• EXERCISE GOAL:
Copy the lines exactly. Begin at the first line of the data and stop after the line with "De kunst en".
--- START ---
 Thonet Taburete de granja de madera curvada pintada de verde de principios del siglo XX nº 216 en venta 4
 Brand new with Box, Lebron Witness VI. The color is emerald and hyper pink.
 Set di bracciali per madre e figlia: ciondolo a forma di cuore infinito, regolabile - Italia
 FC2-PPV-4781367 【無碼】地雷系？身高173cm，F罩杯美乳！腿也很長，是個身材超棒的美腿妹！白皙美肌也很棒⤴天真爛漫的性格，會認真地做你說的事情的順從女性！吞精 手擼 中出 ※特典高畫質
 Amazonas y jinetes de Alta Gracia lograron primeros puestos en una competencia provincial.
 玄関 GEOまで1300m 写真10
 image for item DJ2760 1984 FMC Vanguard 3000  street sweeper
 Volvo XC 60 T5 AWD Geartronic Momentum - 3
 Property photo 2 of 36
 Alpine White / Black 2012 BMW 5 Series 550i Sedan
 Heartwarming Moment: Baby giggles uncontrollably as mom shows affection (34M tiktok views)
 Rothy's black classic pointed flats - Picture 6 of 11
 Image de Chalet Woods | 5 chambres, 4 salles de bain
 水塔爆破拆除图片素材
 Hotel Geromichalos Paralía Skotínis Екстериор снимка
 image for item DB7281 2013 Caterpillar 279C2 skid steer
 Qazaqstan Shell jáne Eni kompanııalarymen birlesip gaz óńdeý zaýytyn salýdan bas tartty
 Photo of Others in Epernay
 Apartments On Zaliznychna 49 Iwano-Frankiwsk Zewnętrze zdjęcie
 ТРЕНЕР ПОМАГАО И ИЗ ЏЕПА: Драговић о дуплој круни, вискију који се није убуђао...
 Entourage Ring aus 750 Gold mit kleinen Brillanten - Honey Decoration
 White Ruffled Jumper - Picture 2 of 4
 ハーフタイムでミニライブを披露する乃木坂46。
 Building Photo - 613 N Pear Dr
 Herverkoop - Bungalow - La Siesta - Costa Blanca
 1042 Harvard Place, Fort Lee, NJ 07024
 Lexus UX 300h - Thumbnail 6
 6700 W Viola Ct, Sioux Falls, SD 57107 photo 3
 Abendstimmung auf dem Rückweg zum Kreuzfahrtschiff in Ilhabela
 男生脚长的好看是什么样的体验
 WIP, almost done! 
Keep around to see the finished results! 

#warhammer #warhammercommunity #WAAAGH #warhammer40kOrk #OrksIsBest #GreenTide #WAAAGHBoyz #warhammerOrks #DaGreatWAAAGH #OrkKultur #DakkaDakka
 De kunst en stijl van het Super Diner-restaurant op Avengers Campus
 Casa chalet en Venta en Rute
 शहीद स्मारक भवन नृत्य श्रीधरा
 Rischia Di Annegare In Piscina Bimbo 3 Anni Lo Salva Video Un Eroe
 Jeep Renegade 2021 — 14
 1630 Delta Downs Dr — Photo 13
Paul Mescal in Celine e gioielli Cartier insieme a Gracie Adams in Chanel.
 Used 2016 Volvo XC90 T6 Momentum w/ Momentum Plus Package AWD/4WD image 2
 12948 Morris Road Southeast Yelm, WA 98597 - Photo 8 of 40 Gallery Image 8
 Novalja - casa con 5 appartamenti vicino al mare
--- END ---
• THE COMPLETED TASK:
 Thonet Taburete de granja de madera curvada pintada de verde de principios del siglo XX nº 216 en venta 4
 Brand new with Box, Lebron Witness VI. The color is emerald and hyper pink.
 Set di bracciali per madre e figlia: ciondolo a forma di cuore infinito, regolabile - Italia
 FC2-PPV-4781367 【無碼】地雷系？身高173cm，F罩杯美乳！腿也很長，是個身材超棒的美腿妹！白皙美肌也很棒⤴天真爛漫的性格，會認真地做你說的事情的順從女性！吞精 手擼 中出 ※特典高畫質
 Amazonas y jinetes de Alta Gracia lograron primeros puestos en una competencia provincial.
 玄関 GEOまで1300m 写真10
 image for item DJ2760 1984 FMC Vanguard 3000  street sweeper
 Volvo XC 60 T5 AWD Geartronic Momentum - 3
 Property photo 2 of 36
 Alpine White / Black 2012 BMW 5 Series 550i Sedan
 Heartwarming Moment: Baby giggles uncontrollably as mom shows affection (34M tiktok views)
 Rothy's black classic pointed flats - Picture 6 of 11
 Image de Chalet Woods | 5 chambres, 4 salles de bain
 水塔爆破拆除图片素材
 Hotel Geromichalos Paralía Skotínis Екстериор снимка
 image for item DB7281 2013 Caterpillar 279C2 skid steer
 Qazaqstan Shell jáne Eni kompanııalarymen birlesip gaz óńdeý zaýytyn salýdan bas tartty
 Photo of Others in Epernay
 Apartments On Zaliznychna 49 Iwano-Frankiwsk Zewnętrze zdjęcie
 ТРЕНЕР ПОМАГАО И ИЗ ЏЕПА: Драговић о дуплој круни, вискију који се није убуђао...
 Entourage Ring aus 750 Gold mit kleinen Brillanten - Honey Decoration
 White Ruffled Jumper - Picture 2 of 4
 ハーフタイムでミニライブを披露する乃木坂46。
 Building Photo - 613 N Pear Dr
 Herverkoop - Bungalow - La Siesta - Costa Blanca
 1042 Harvard Place, Fort Lee, NJ 07024
 Lexus UX 300h - Thumbnail 6
 6700 W Viola Ct, Sioux Falls, SD 57107 photo 3
 Abendstimmung auf dem Rückweg zum Kreuzfahrtschiff in Ilhabela
 男生脚长的好看是什么样的体验
 WIP, almost done! 
Keep around to see the finished results! 

#warhammer #warhammercommunity #WAAAGH #warhammer40kOrk #OrksIsBest #GreenTide #WAAAGHBoyz #warhammerOrks #DaGreatWAAAGH #OrkKultur #DakkaDakka
 De kunst en stijl van het Super Diner-restaurant op Avengers Campus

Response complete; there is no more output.